• WHAT THE EXERCISE ASKS: Shown below is a listing with pictures; reproduce exactly, and only, the lines between the ones containing "So what I had" and "And that's it.", inclusive, leaving the pictures out.

[[ EXERCISE DATA, beginning ]]

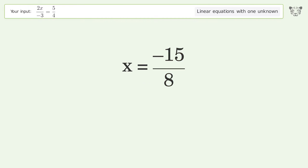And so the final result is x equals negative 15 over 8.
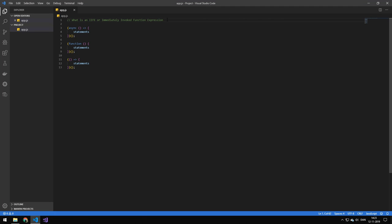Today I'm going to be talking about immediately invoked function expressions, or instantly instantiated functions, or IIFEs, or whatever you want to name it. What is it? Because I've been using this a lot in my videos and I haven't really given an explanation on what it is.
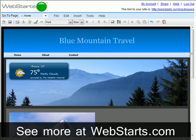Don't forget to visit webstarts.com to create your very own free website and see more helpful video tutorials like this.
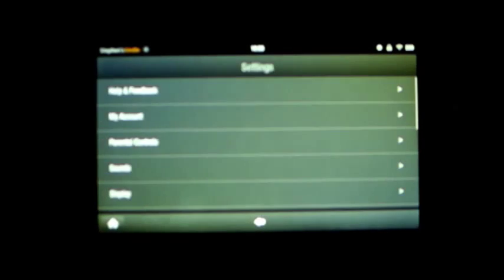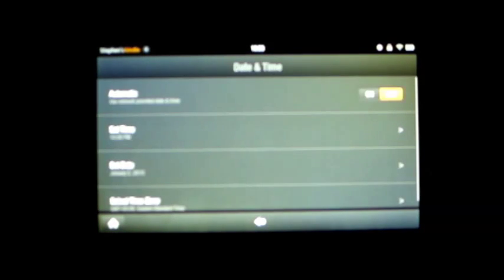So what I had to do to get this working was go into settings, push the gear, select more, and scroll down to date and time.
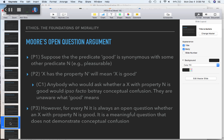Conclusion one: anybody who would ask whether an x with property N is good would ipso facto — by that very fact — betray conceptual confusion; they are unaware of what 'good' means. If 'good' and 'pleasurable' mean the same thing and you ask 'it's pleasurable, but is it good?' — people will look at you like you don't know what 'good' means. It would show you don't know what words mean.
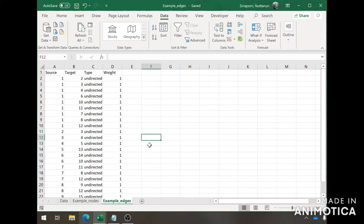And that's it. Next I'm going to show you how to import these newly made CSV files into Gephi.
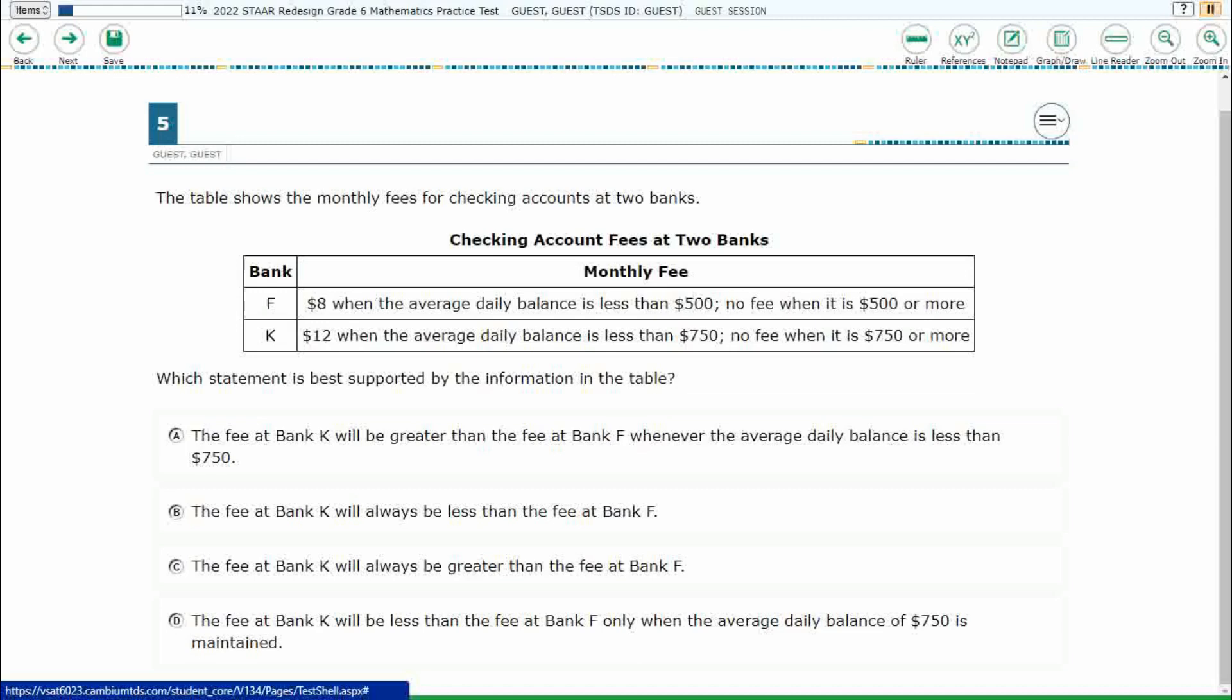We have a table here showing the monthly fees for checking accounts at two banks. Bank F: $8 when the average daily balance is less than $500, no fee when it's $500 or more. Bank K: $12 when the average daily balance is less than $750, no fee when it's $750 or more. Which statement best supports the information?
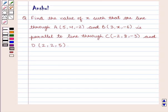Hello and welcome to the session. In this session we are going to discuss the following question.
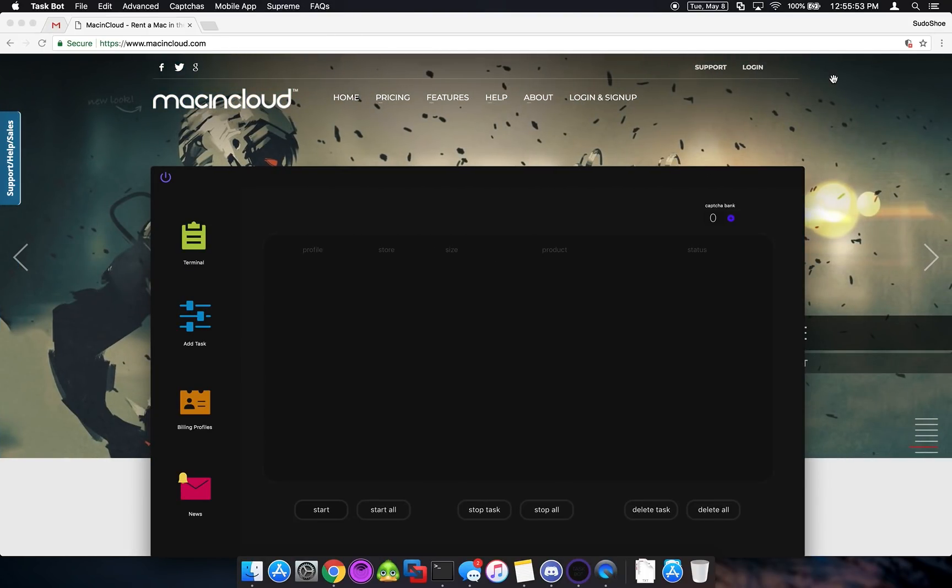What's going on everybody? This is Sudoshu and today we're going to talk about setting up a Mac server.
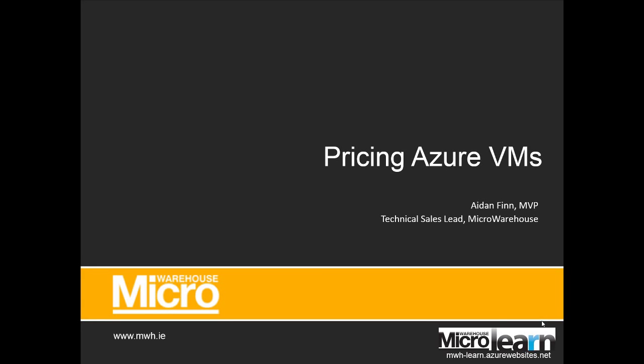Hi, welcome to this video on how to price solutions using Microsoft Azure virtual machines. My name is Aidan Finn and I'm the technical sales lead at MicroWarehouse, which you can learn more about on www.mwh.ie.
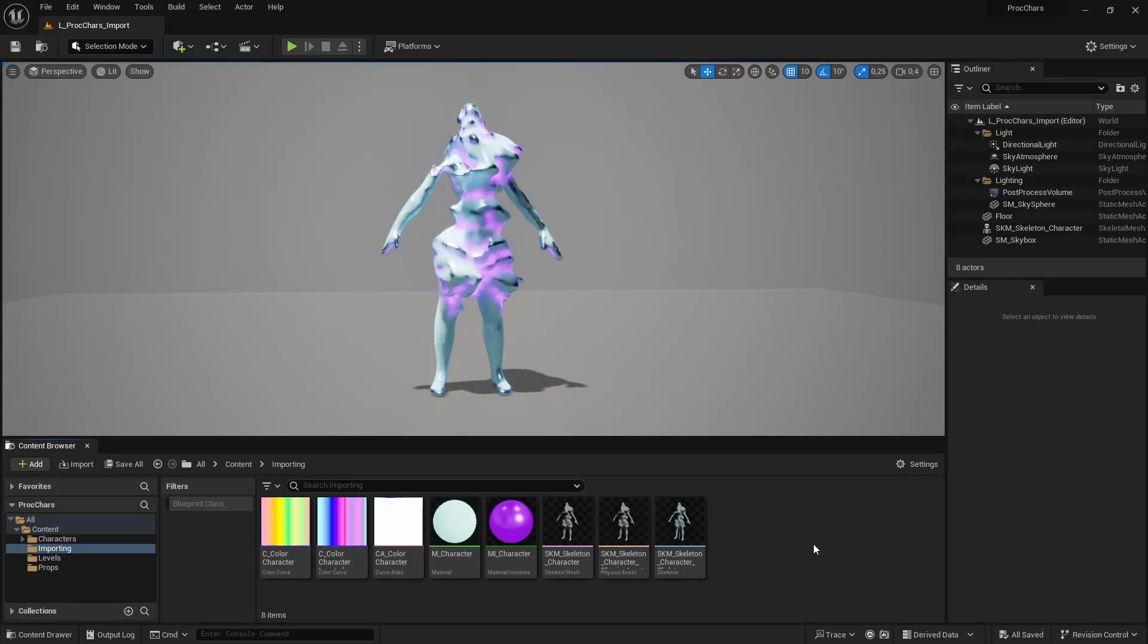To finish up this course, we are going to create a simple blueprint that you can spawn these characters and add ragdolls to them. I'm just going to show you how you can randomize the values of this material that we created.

[[ EXERCISE DATA, end ]]
[[ EXERCISE DATA, beginning ]]

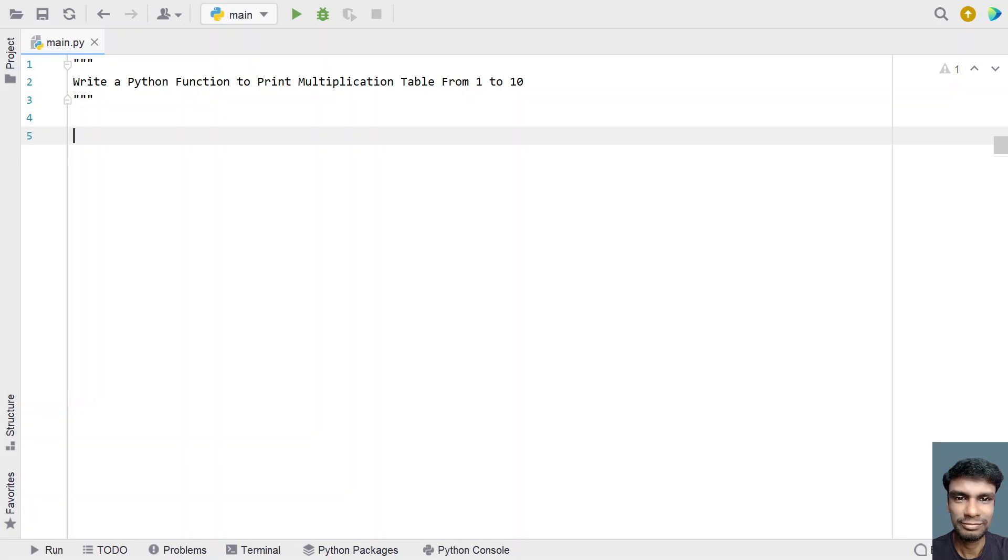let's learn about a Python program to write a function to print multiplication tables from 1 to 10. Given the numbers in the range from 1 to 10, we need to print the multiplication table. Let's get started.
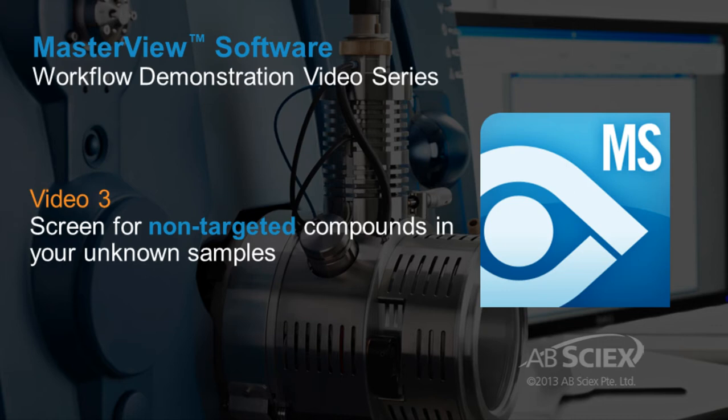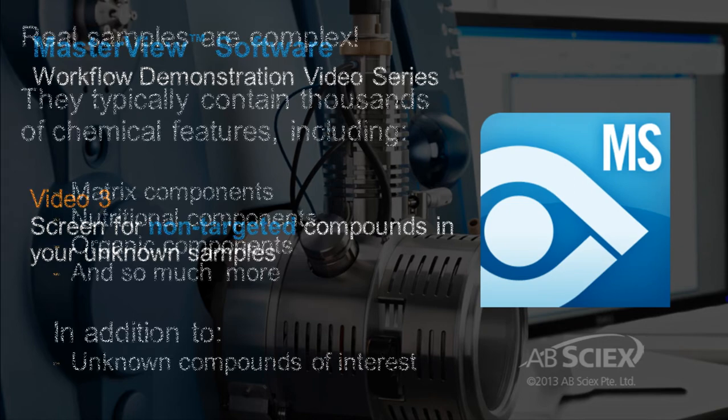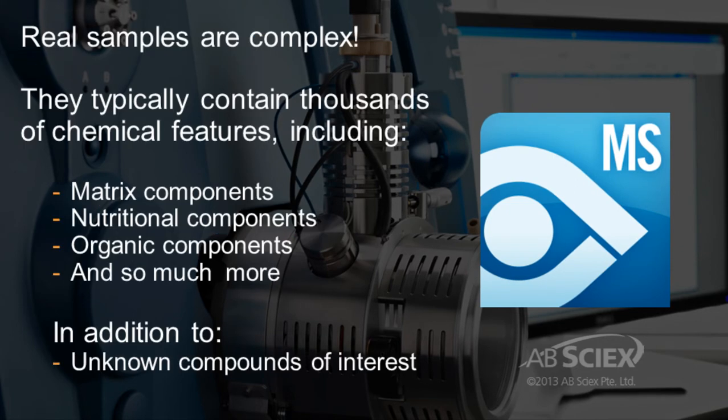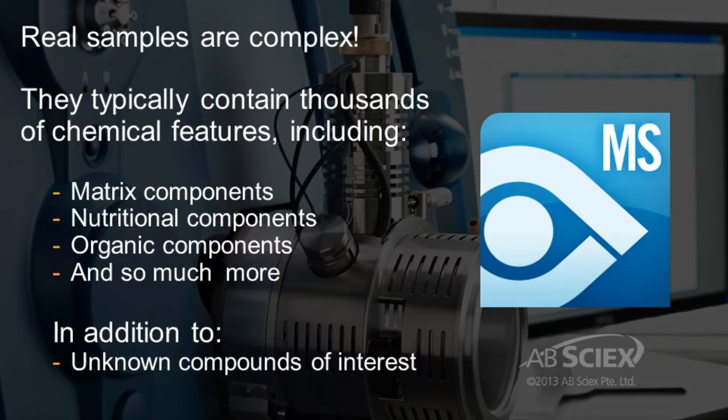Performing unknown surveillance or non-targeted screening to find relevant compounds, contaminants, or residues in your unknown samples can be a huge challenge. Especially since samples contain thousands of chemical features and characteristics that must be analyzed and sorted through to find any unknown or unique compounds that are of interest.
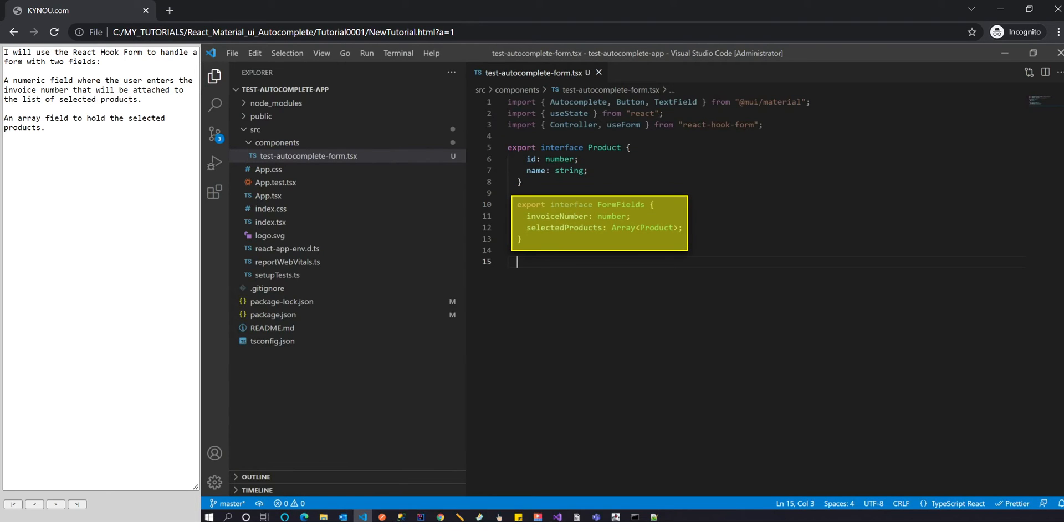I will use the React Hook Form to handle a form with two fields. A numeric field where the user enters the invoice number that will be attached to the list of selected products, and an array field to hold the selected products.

[[ EXERCISE DATA, end ]]

• RESPONSE TO THE TASK:
So what I had to do to get this working was go into settings, push the gear, select more, and scroll down to date and time.
Conclusion one: anybody who would ask whether an x with property N is good would ipso facto — by that very fact — betray conceptual confusion; they are unaware of what 'good' means. If 'good' and 'pleasurable' mean the same thing and you ask 'it's pleasurable, but is it good?' — people will look at you like you don't know what 'good' means. It would show you don't know what words mean.
And that's it. Next I'm going to show you how to import these newly made CSV files into Gephi.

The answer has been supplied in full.